» **SOURCE MATERIAL**
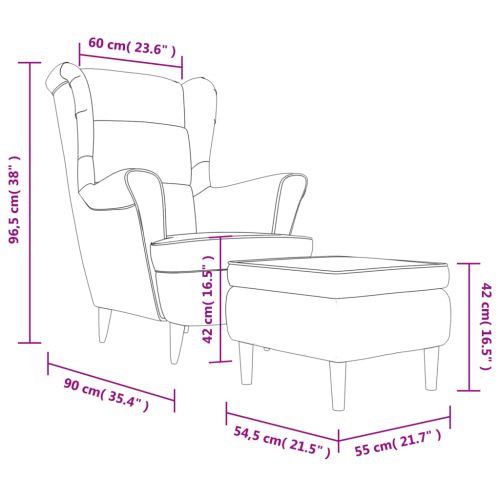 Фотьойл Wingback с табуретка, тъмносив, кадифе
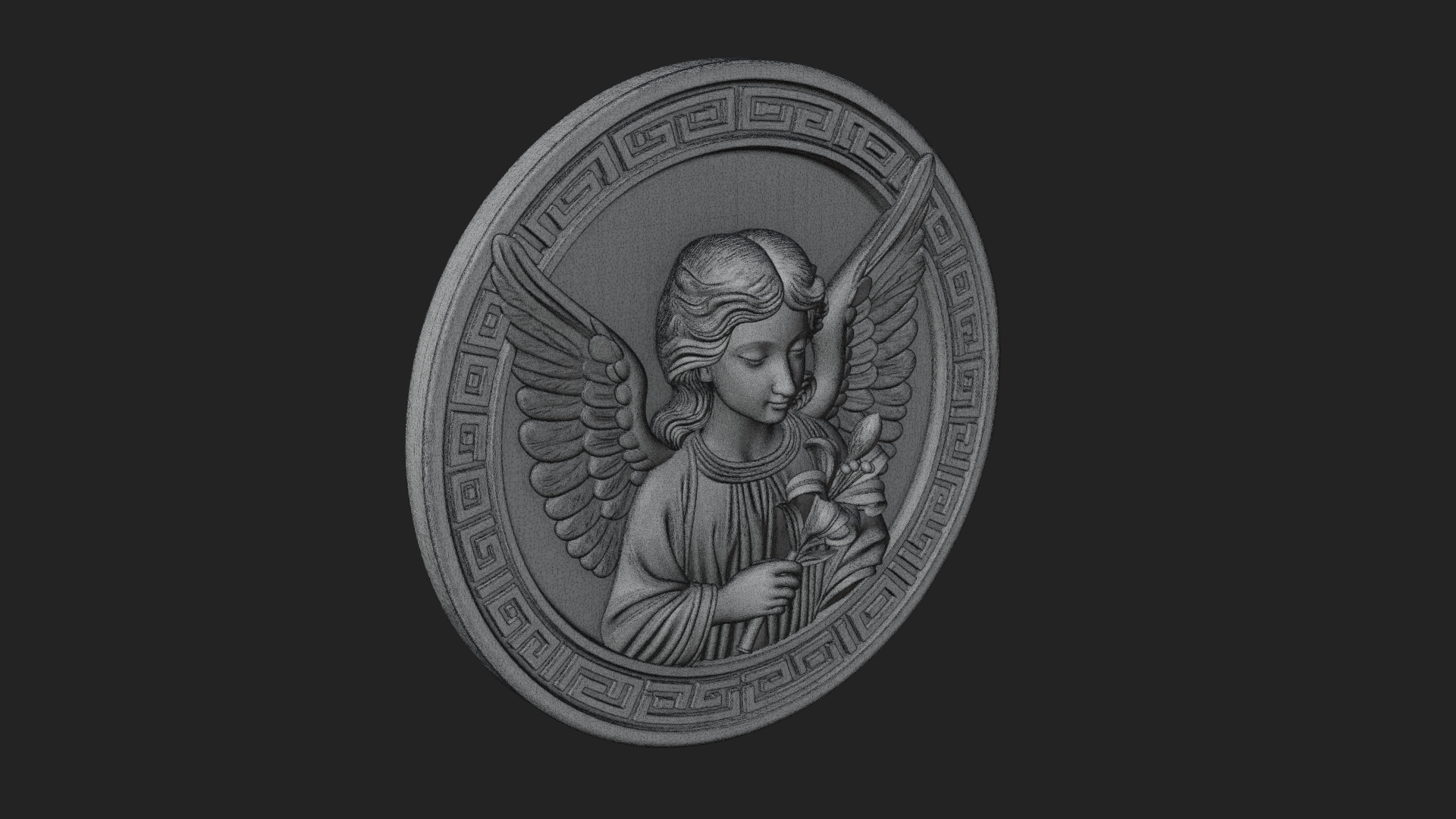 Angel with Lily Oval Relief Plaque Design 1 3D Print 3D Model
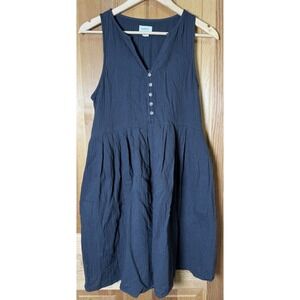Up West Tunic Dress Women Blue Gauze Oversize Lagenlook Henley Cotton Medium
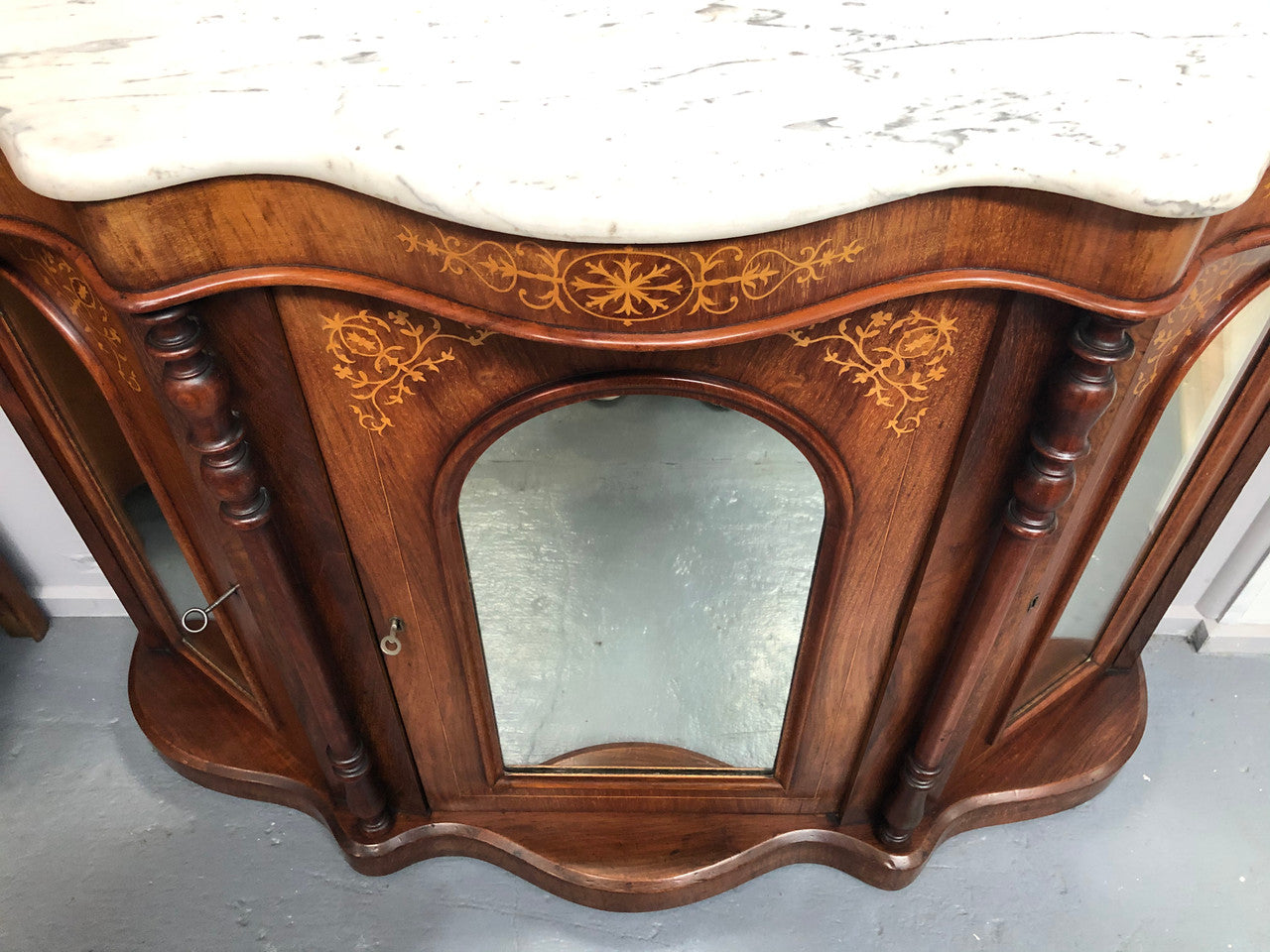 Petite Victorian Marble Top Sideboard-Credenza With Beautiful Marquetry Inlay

--

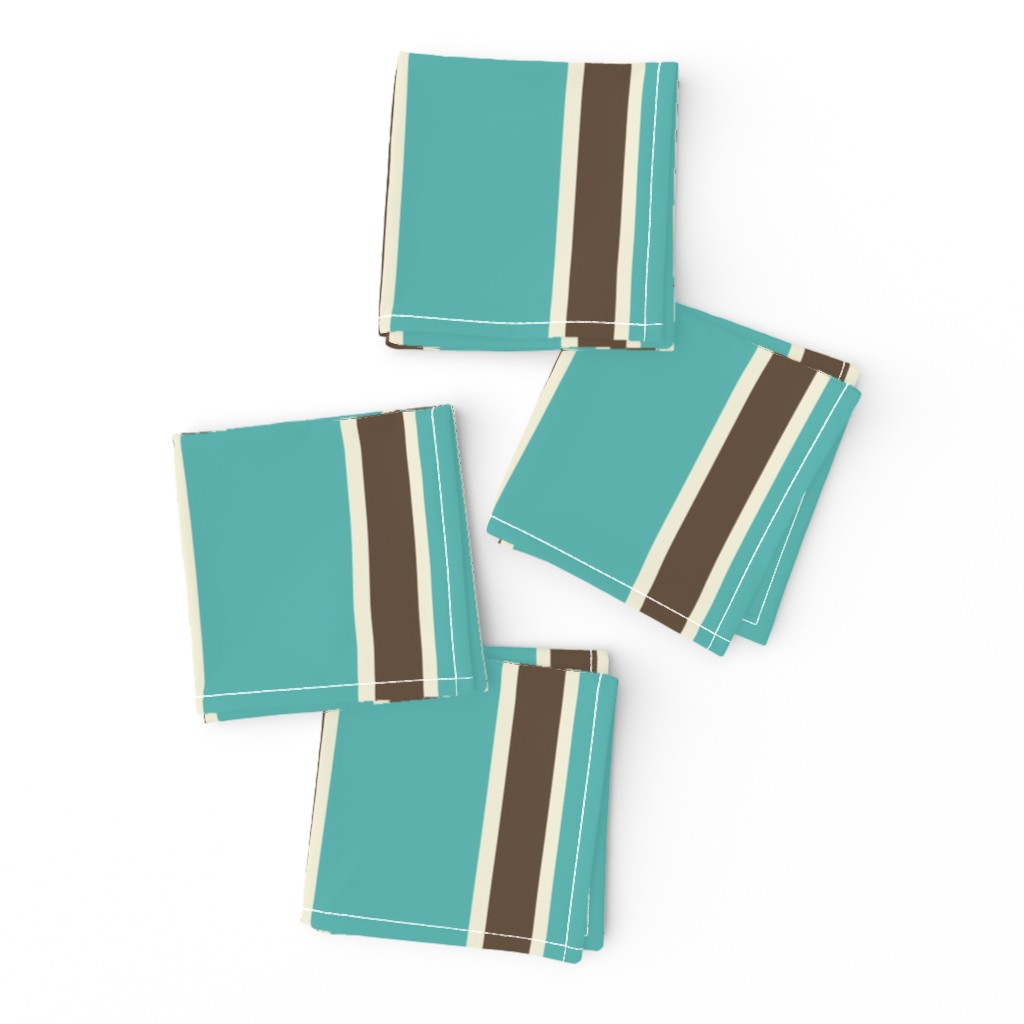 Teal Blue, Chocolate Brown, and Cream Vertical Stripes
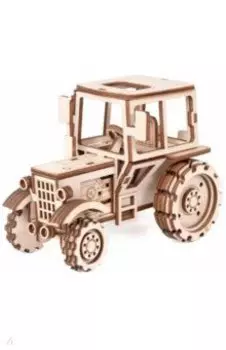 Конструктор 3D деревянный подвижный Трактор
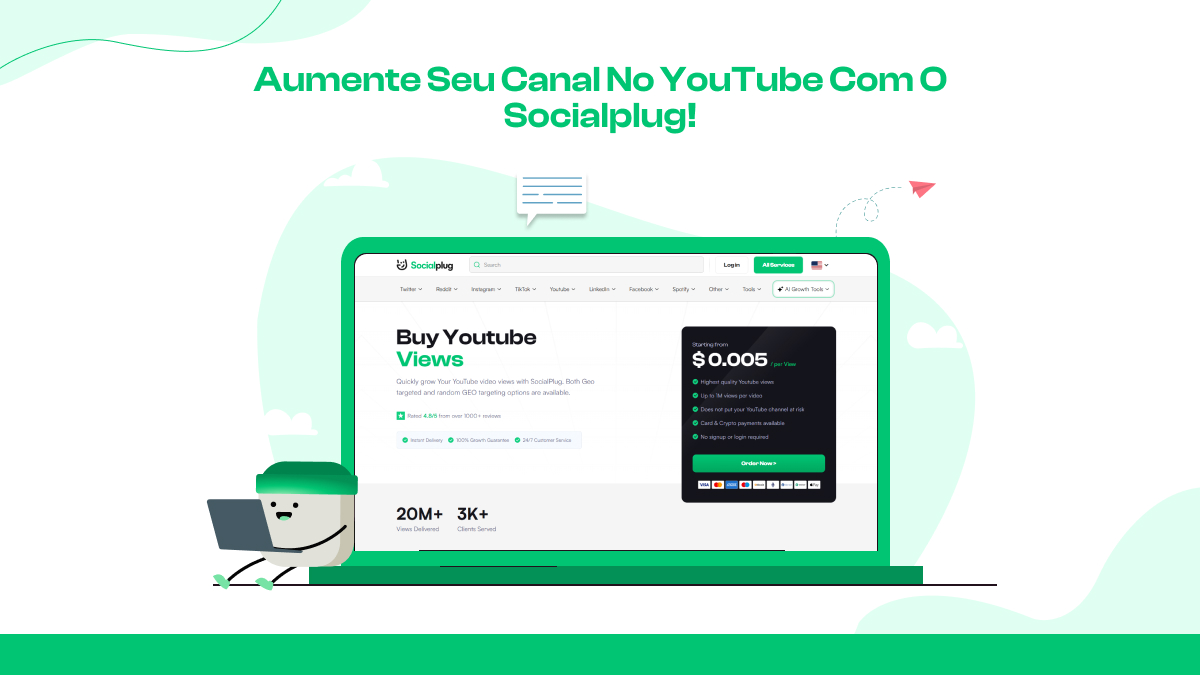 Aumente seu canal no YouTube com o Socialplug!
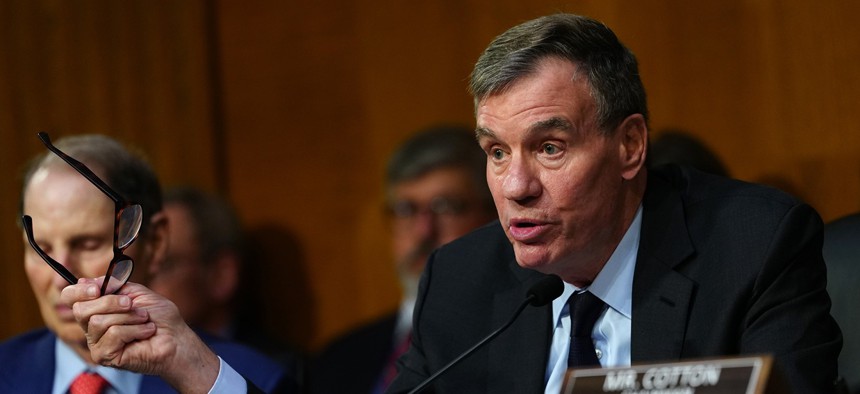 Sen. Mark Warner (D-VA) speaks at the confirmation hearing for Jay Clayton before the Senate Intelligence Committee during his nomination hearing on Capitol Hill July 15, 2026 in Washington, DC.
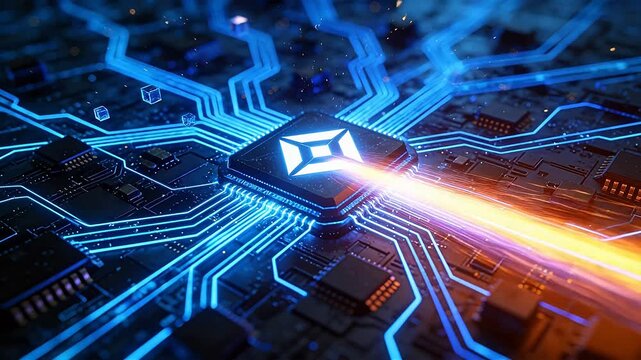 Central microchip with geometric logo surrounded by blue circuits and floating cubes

* * *

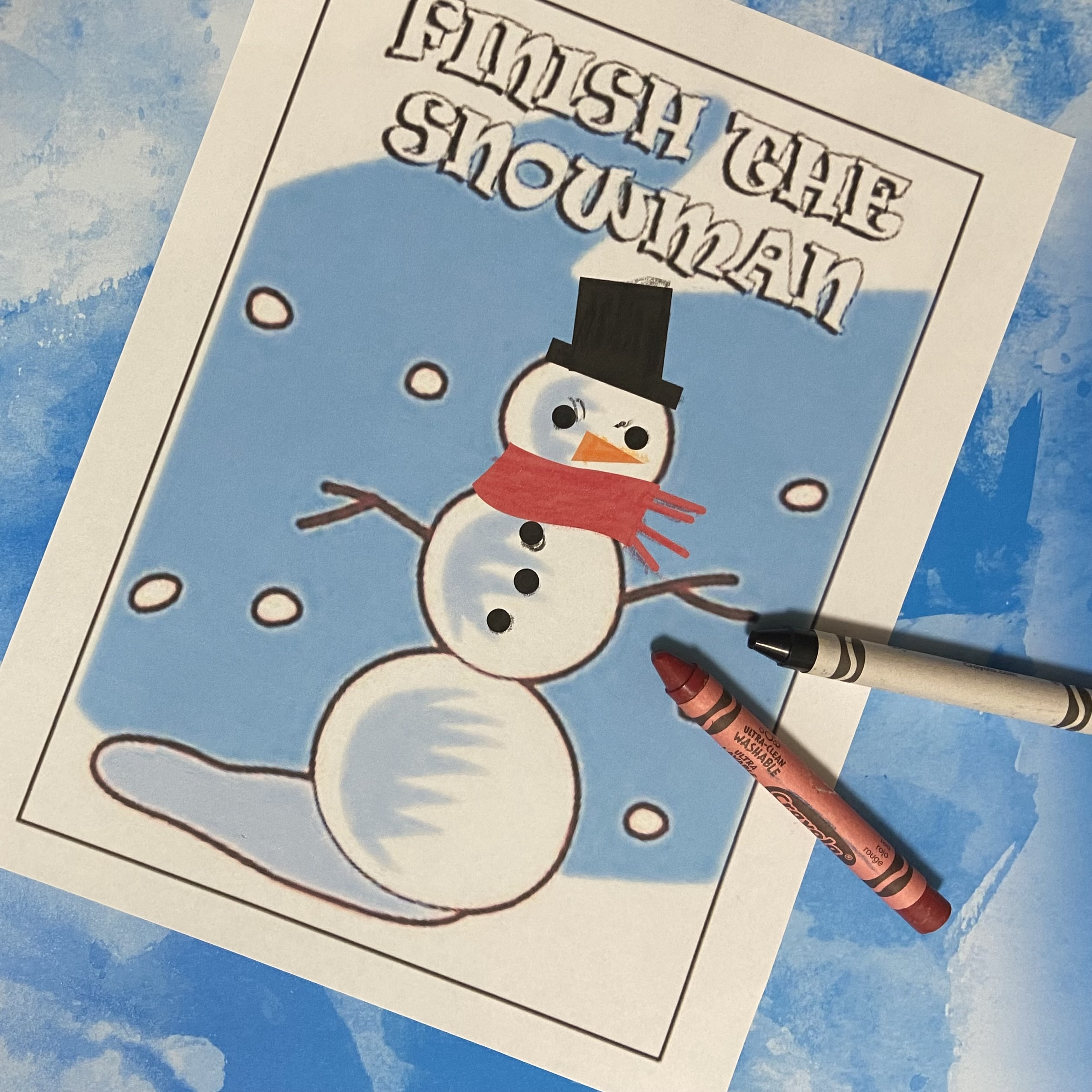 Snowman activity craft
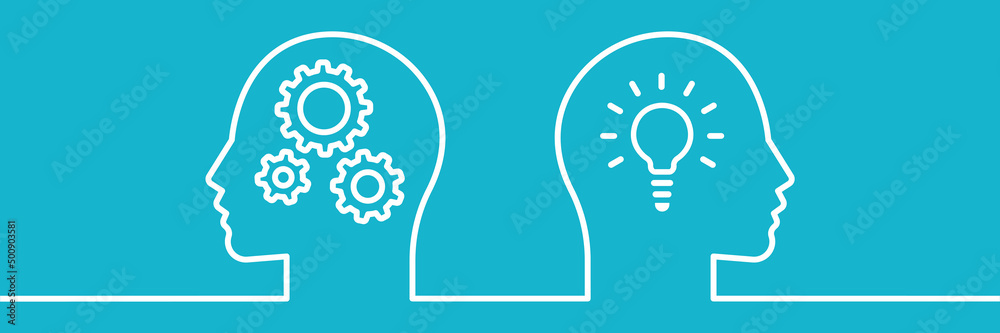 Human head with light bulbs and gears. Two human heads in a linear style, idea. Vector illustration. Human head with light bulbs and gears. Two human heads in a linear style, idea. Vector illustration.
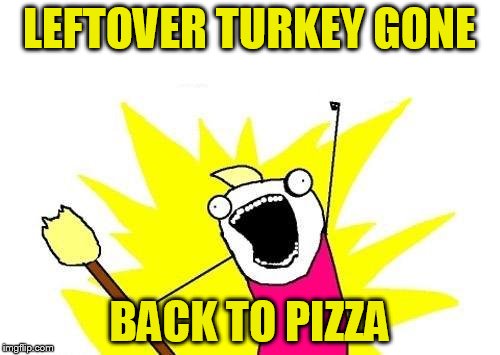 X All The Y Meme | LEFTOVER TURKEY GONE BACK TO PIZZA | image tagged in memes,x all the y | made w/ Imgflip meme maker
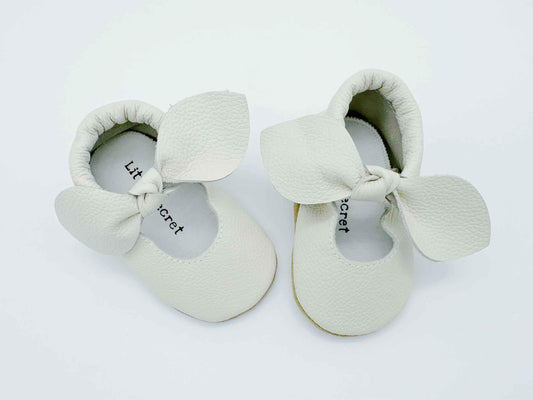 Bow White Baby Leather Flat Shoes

» **WHAT TO DO**
Starting at the line above that has "Aumente seu canal" and ending at the line that has "Central microchip with", copy each line exactly, leaving the pictures out and adding nothing.

» **EXERCISE OUTPUT**
 Aumente seu canal no YouTube com o Socialplug!
 Sen. Mark Warner (D-VA) speaks at the confirmation hearing for Jay Clayton before the Senate Intelligence Committee during his nomination hearing on Capitol Hill July 15, 2026 in Washington, DC.
 Central microchip with geometric logo surrounded by blue circuits and floating cubes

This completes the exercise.